The following is an example of an XML layout file that includes the
text field and the button:
TABLE-US-00001 <?xml version="1.0" encoding="utf-8"?>
<LinearLayout
xmlns:android="http://schemas.android.com/apk/res/android"
android:layout_width="fill_parent"
android:layout_height="fill_parent"
android:orientation="horizontal"> <EditText
android:id="@+id/edit_message" android:layout_weight="1"
android:layout_width="0dp" android:layout_height="wrap_content"
android:hint="@string/edit_message" /> <Button
android:id="@+id/button_send" android:layout_width="wrap_content"
android:layout_height="wrap_content"
android:text="@string/button_send" android:onClick="sendMessage"
/> </LinearLayout>
[0045] Based on the native control provided by the rich operating
system 123, a customized secure control is further added in this
embodiment of this application, and is used for TUI development.
The customized secure control satisfies interface security
specifications of the TEE 140, and supports configuration of some
customized attributes. In addition, a processing method or function
corresponding to the customized control, for example, a method such
as measurement, layout, or drawing, needs to be rewritten. The
developer can create and edit an instance of the customized secure
control in an .xml file. In an embodiment, secure controls shown in
the following table may be customized:
TABLE-US-00002 Control type Control name Control Function Native
control Text TextView Responsible for displaying a text, not
editing the text EditText A control that may edit the text Button
Button Button ImageViewButton Picture button RadioButton Radio
button CheckBox Check box Progress ProgressBar Display progress Bar
information Secure control Text Sec-TextView Secure display field
(new) Sec-EditText Secure input field Button Sec-Button Secure
button Sec-Image Secure picture ViewButton button
[0046] When developing a user interface of an application, the
application developer may use the native control provided by the
rich operating system 123, or may use the customized secure
control. In this way, a hybrid user interface that includes both
the common control and the customized secure control can be
developed, reducing development difficulty.

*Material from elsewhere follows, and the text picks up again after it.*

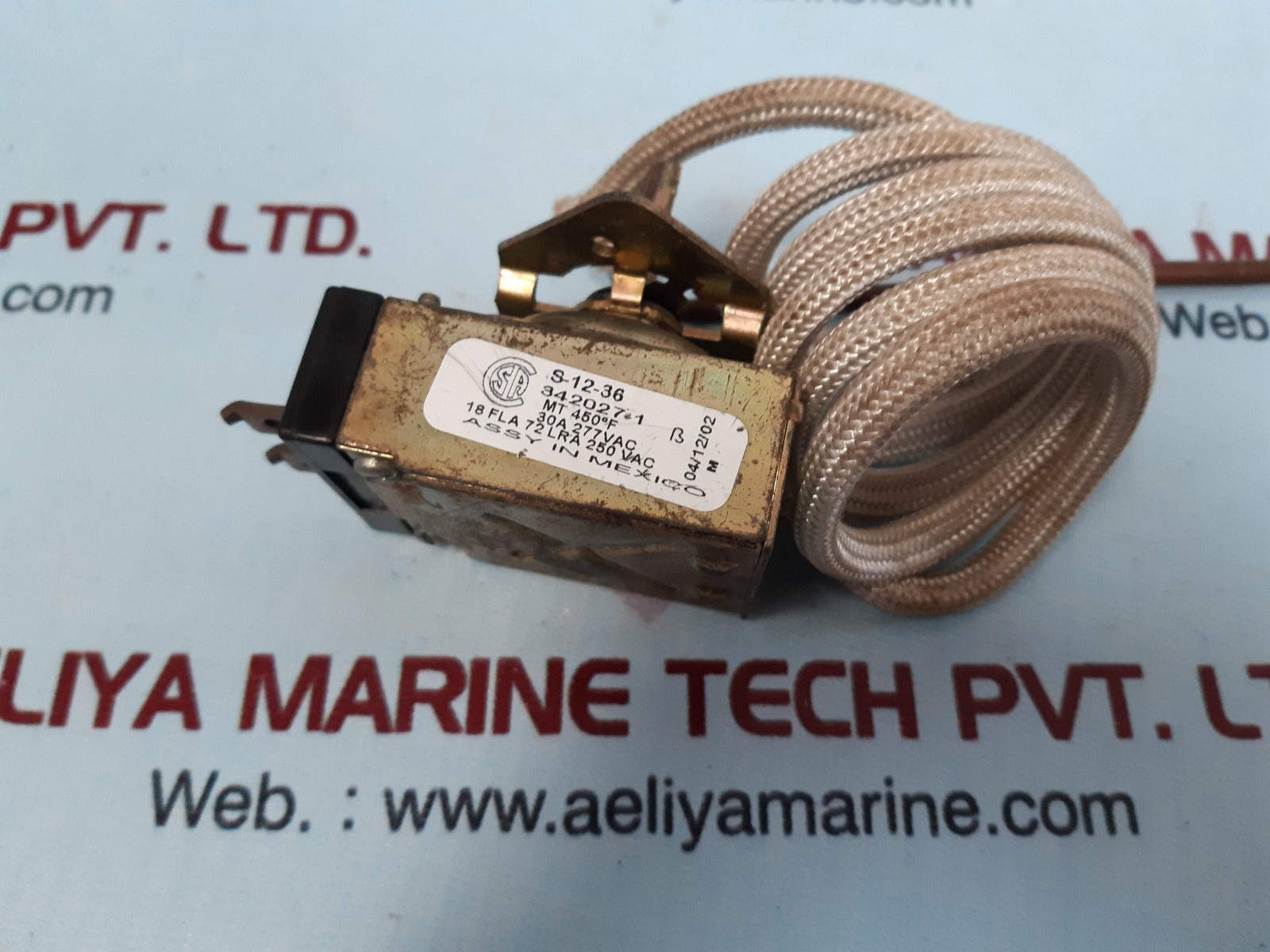 S-12-36 342027-1 thermostat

[0047] Further, when the client application 113 runs in the REE
120, the rich operating system 123 determines the control included
in the user interface and an attribute of the control by parsing
source code and/or a layout file corresponding to the user
interface. The attribute of the control includes but is not limited
to a control type, a control identifier, a control width, a control
height, and the like. The control included in the user interface is
usually organized in a tree structure. To be specific, controls
have a parent-child relationship with each other. Using Android as
an example, controls in Android are classified into two types: a
ViewGroup control and a view control. As a parent control, the
ViewGroup may include a plurality of view controls and manage the
controls included in the ViewGroup. As shown in FIG. 4, controls
included in an entire user interface logically form a control tree.

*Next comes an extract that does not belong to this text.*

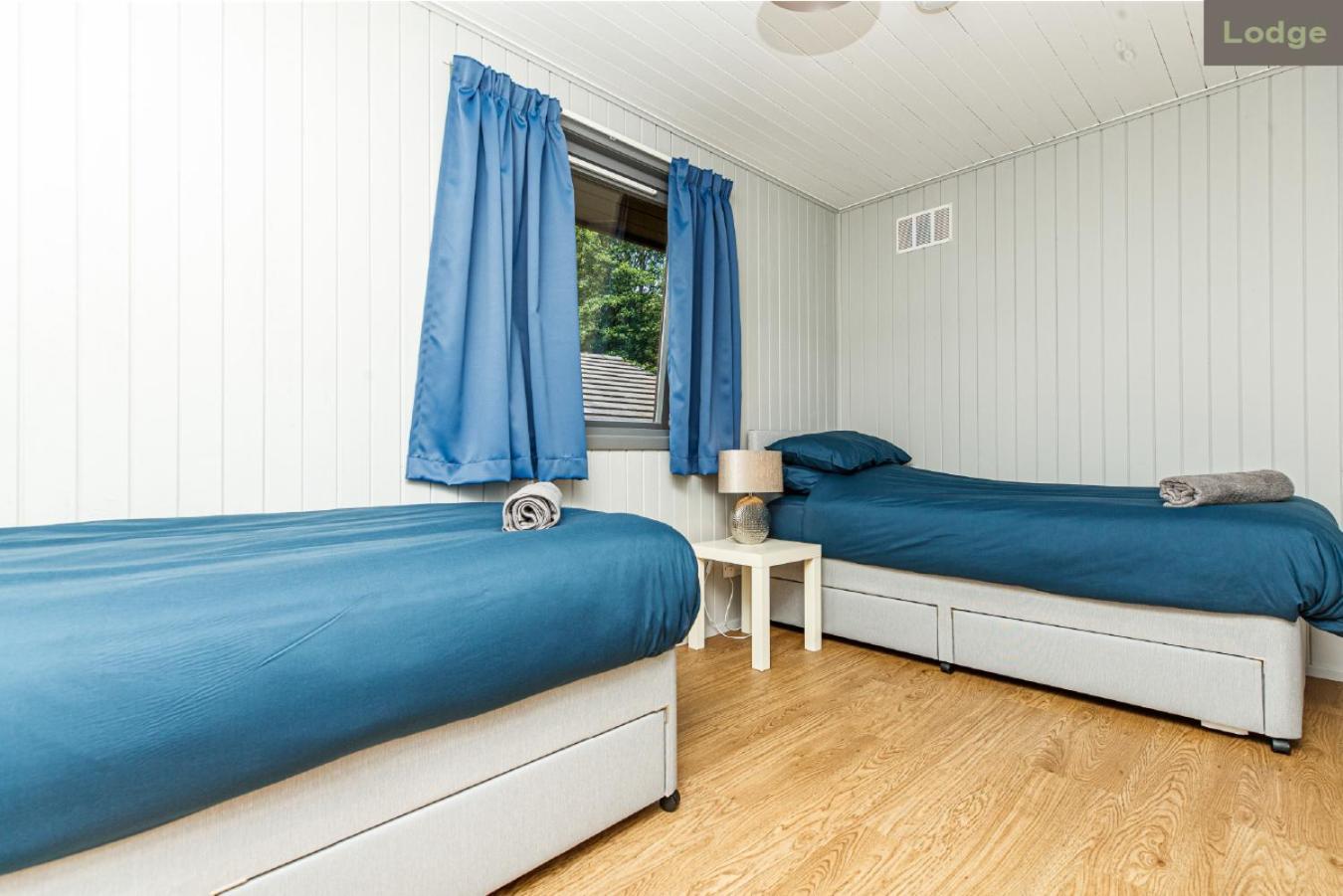 Firbush Lochside Lodges Killin Esterno foto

An upper-layer control is responsible for rendering processing of a
lower-layer control and transferring an interaction event. On the
top of each control tree, there is a ViewParent object, namely, a
core of the control tree. All interaction management events are
scheduled by the ViewParent in a centralized manner.
[0048] Further, an embodiment of this application further provides
a method for compatible display of a user interface that includes a
common control and a customized secure control, including the
following steps:
[0049] Step 510: A rich operating system 123 renders a common
control in a user interface, to obtain a first surface.

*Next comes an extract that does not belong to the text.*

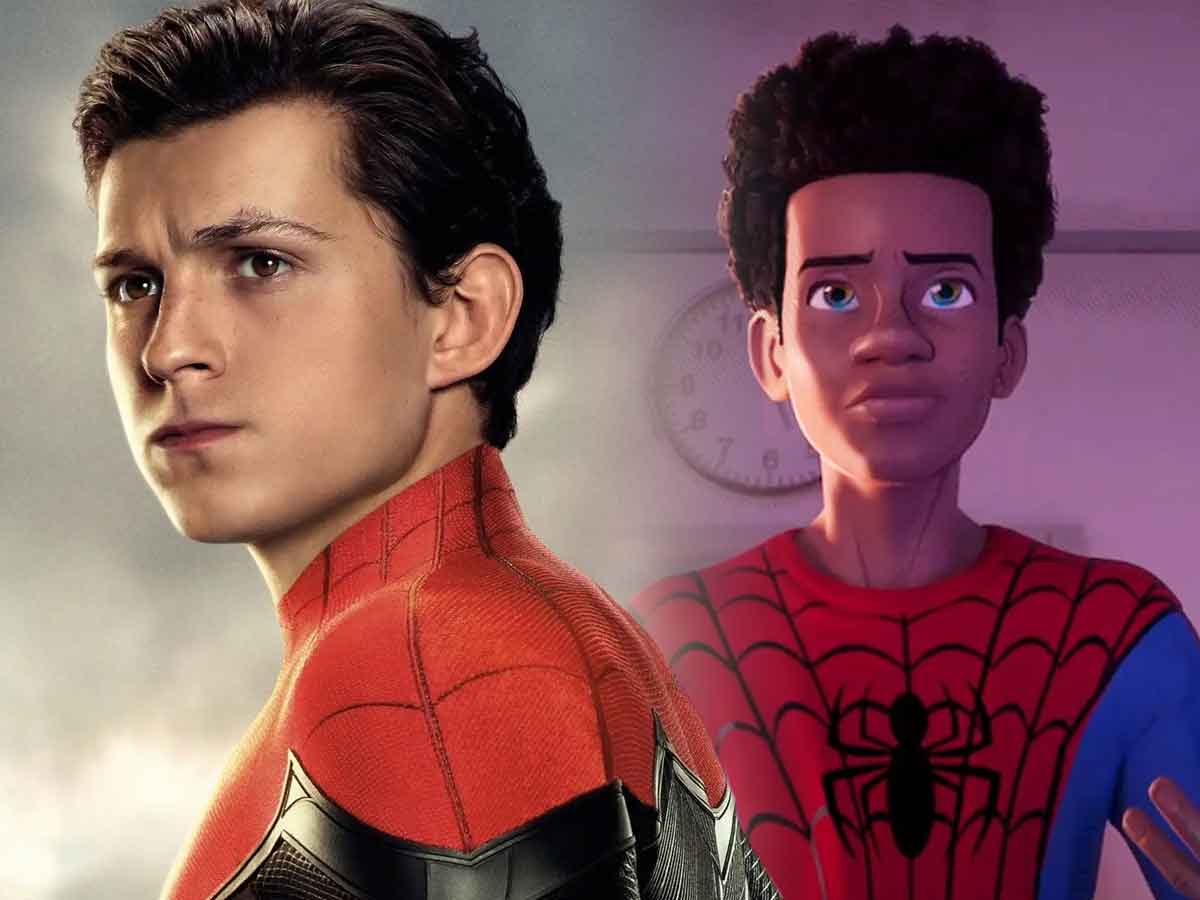 spider-man peter parker y miles morales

[0050] Step 530: The rich operating system 123 transfers
information about a secure control in the user interface to a
trusted operating system 143, and the trusted operating system 143
renders the secure control to obtain a second surface.
[0051] Step 550: The trusted operating system 143 composites the
first surface and the second surface to obtain a composited
surface, where the composited surface includes the common control
and the secure control. It should be understood that the composited
surface that includes the common control and the secure control
herein is a graphical representation or a graphical interface that
includes both the common control and the secure control.
[0052] Step 570: The trusted operating system 143 displays the
composited surface on a display of the terminal device 100.
[0053] In an embodiment, when using the secure control, a developer
needs to configure information related to the secure control in an
.xml file, such as a control size, and configure a communication ID
in a source file or an installation package of the client
application 113. The communication ID corresponds to a trusted
application 115 in a TEE. The information about the secure control
may be transferred to a corresponding trusted application 115 in
the TEE based on the communication ID and by using an external
interface provided by the TEE. The trusted application 115 further
completes rendering and displaying of the secure control based on a
related graphics service or component provided by the trusted
operating system 143.
[0054] In an embodiment, in step 510, the rich operating system 123
performs rendering processing on a control by invoking a method
corresponding to the common control. The method corresponding to
the common control is provided by the rich operating system 123 by
using a native API. In an embodiment, as shown in FIG. 5, the
method corresponding to the control includes: measurement, layout,
and drawing operations. The measurement operation is mainly used to
calculate a size of the control, namely, a width and a length of
the control. Calculation is based on an attribute, such as a width
and a height, that is of the control and that is configured in a
layout file. The layout operation is used to set a display position
of the control on a display. For example, in an embodiment, a
position of a control relative to a parent control of the control
may be calculated by using the layout operation, for example, a
distance from the top, bottom, left and right edges of the control
to a vertex in an upper left corner or an upper right corner of the
parent control, or a distance from the top, bottom, left and right
edges of the control to the top, bottom, left, and right edges of
the parent control. The drawing operation is used to draw the
control onto the frame buffer to obtain the first surface.
Calculation results of the measurement and layout operations may be
recorded in a form of parameters. The drawing operation may be used
to draw the control based on these parameters. A specific graphics
library such as OpenGL may be invoked during a drawing process.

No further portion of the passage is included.